Pavlus'un Sevinç Getirici Haber'i yaydığı yerleri seçmek için temel tuttuğu ilke "başka birinin attığı temel üzerine yapı kurmamaktı" (ayet 20).Başka habercilerin işine karışmak istemiyordu Pavlus. "Bu nedenle Mesih adının bilinmediği yerlerde Sevinç Getirici Haber'i yaymayı onura bağlılık konusu" saydı. Mesih'in çağrısını yerine getirmek istiyordu. Pavlus bunu büyük şeref sayıyordu.

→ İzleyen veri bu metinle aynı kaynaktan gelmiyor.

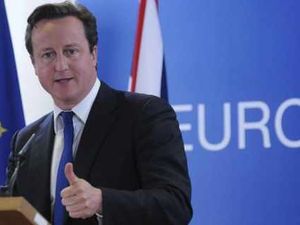 Supporting image for story: Letter: Was EU veto the right move?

Pavlus ayrıca Kutsal Yazılar'da önceden böyle bir çalışmadan haber verildiğini belirtir (ayet 21).Pavlus bu konuda Yeşaya'nın peygamberlik sözünün Yunanca çevirisinden şu aktarmayı yapar: "O'ndan hiç bir haberi olmayanlar görecekler. O'na ilişkin bir şey duymamış olanlar anlayacaklar." (Yeşaya 52:15; Romalılar 15:21). Bu ayette sözü edilen kişi acı çeken Tanrı'nın Uşağı, Mesih'in ta kendisidir. Kendileri için acı çeken Mesih'e ilişkin hiçbir şey duymamış olanlar duyar duymaz ilgilenip anlayacaklardı. Bu da Pavlus'un deneyimiydi Yeruşalem'den İlirya'ya dek.